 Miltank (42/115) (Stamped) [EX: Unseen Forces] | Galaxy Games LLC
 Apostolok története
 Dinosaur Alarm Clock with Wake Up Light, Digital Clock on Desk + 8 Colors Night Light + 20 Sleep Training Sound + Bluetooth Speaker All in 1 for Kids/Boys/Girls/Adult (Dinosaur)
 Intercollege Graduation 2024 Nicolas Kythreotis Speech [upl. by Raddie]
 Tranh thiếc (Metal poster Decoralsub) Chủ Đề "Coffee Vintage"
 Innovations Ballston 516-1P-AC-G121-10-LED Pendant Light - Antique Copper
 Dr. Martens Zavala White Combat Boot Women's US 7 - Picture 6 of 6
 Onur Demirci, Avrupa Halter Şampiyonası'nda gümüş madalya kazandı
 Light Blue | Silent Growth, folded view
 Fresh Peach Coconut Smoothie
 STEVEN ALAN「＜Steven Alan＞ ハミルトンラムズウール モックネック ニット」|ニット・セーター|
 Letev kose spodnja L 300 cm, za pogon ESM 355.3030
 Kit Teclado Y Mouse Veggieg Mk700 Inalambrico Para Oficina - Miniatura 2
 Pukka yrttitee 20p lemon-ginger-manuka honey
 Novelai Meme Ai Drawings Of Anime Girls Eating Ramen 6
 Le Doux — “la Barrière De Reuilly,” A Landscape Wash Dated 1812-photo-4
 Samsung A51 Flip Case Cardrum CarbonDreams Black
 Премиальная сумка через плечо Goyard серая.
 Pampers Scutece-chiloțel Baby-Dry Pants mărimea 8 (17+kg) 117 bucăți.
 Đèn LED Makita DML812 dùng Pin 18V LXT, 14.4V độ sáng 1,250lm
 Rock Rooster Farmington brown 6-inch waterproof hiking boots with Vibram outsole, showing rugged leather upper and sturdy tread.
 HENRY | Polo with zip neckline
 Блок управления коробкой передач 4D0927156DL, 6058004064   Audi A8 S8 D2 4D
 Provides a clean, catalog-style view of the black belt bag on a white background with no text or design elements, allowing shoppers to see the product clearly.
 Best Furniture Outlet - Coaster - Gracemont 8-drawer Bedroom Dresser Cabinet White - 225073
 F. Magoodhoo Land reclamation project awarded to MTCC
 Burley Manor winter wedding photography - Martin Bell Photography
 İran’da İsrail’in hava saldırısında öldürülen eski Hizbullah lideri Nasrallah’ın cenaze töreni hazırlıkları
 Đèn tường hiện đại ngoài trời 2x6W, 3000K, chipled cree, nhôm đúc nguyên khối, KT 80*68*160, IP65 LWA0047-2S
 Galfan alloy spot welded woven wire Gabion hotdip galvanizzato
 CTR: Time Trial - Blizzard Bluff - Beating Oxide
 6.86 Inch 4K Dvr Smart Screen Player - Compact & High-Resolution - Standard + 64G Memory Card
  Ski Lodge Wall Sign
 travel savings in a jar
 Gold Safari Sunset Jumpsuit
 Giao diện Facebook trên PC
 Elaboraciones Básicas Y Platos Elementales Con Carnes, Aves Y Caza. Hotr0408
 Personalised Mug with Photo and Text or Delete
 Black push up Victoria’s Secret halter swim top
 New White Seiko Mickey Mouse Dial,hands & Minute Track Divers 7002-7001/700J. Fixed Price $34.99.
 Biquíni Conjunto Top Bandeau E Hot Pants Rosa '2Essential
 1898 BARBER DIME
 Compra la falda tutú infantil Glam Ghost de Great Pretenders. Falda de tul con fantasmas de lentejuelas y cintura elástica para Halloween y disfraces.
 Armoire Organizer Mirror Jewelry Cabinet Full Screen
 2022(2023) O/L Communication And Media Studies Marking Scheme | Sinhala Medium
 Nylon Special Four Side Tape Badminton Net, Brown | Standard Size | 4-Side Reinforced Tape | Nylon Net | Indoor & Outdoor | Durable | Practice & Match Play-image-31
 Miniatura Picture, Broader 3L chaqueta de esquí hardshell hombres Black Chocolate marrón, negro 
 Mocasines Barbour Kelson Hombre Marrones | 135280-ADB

#### PROBLEM STATEMENT
The expected output is the run of lines from the one holding "Nylon Special Four" to the last line of the entries above, each reproduced character for character.

#### WRITTEN SOLUTION
 Nylon Special Four Side Tape Badminton Net, Brown | Standard Size | 4-Side Reinforced Tape | Nylon Net | Indoor & Outdoor | Durable | Practice & Match Play-image-31
 Miniatura Picture, Broader 3L chaqueta de esquí hardshell hombres Black Chocolate marrón, negro 
 Mocasines Barbour Kelson Hombre Marrones | 135280-ADB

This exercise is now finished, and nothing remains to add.